Intra-aneurysmal hemodynamic quantities, like WSS, are oftentimes normalized relative to some reference value^16;19, such as that of the parent artery, in order to adjust for inter-subject hemodynamic variability. The intra-aneurysmal WSS results are therefore normalized using the WSS in the petrous carotid artery for either the mean or peak values, respectively. The petrous carotid artery WSS is computed directly from the Womersley flow used as the inflow boundary condition. Normalized WSS values are presented in table 3. The differences between the patient-specific and simplified boundary condition cases are not as dramatic after normalization.
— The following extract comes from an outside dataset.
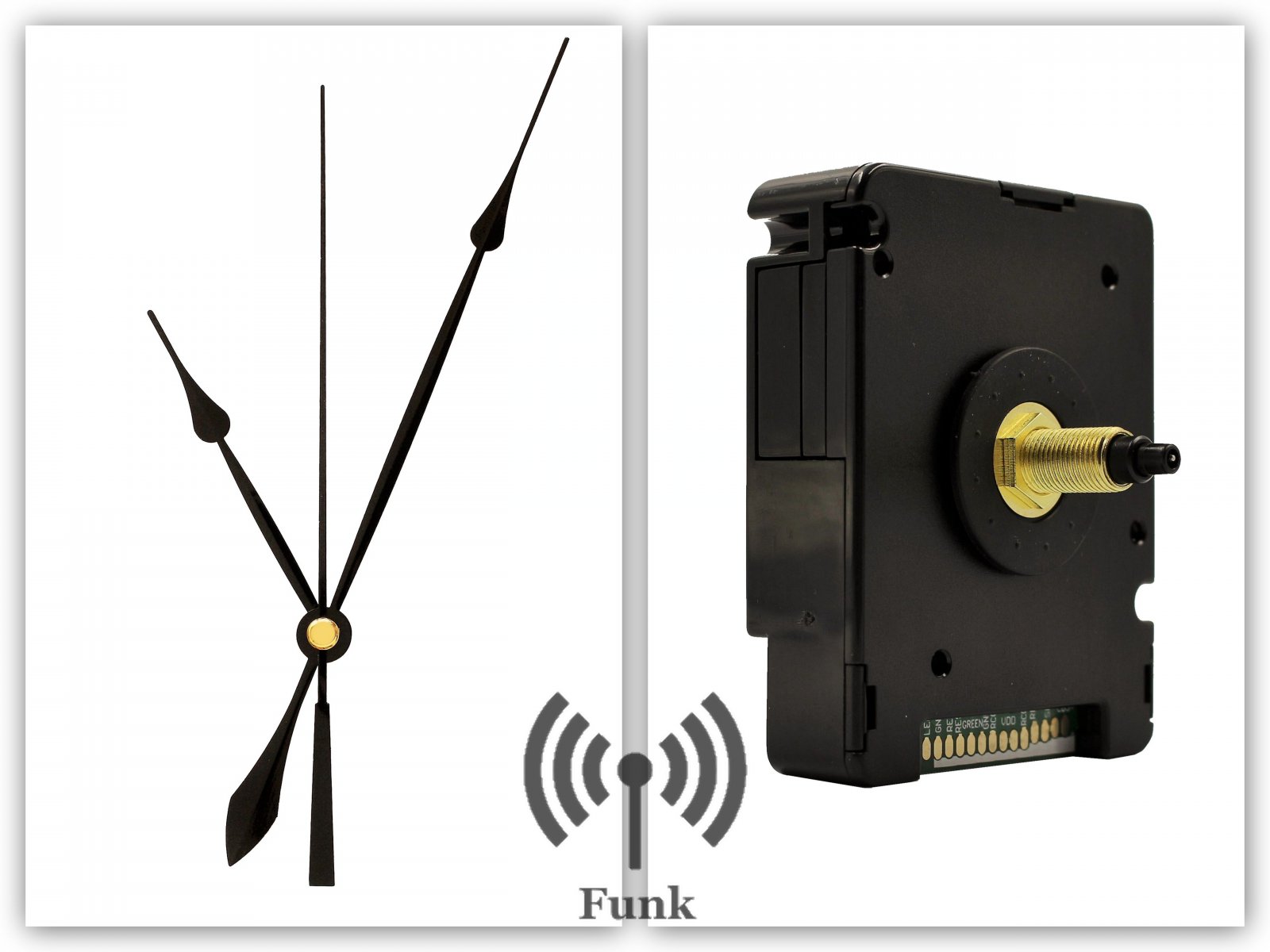 Funkuhrwerk Funk DCF Radio lautlos ger/äuschlos Quarz-Uhrwerk Uhrzeiger Satz Zeiger Schwarz 85 mm #105 Schwarz, M: Ziffernblattdicke 1-4 mm mit Wandaufh/ängung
Indeed the mean and peak normalized WSS using the simplified boundary conditions are highly correlated with the analogous normalized WSS using patient-specific boundary conditions, as shown in figure 3. Correlation coefficients are r = 0.991 and r = 0.986 (Pearson correlation coefficient) for the mean and peak values, respectively. A linear least squares regression between the simplified vs. patient-specific boundary conditions gives a slope of 1.45 and an intercept of −0.16 for the normalized mean WSS and a slope of 1.26 and an intercept of 0.14 for the normalized peak WSS. Therefore, the simplified boundary condition cases still predict significantly larger intra-aneurysmal WSS than the patient-specific cases even after a normalization.

Fig. 3.

Normalized WSS of simplified vs. patient-specific boundary condition cases for (a) mean values and (b) peak values. Solid line is the identity line, and dashed line is the linear least squares fit.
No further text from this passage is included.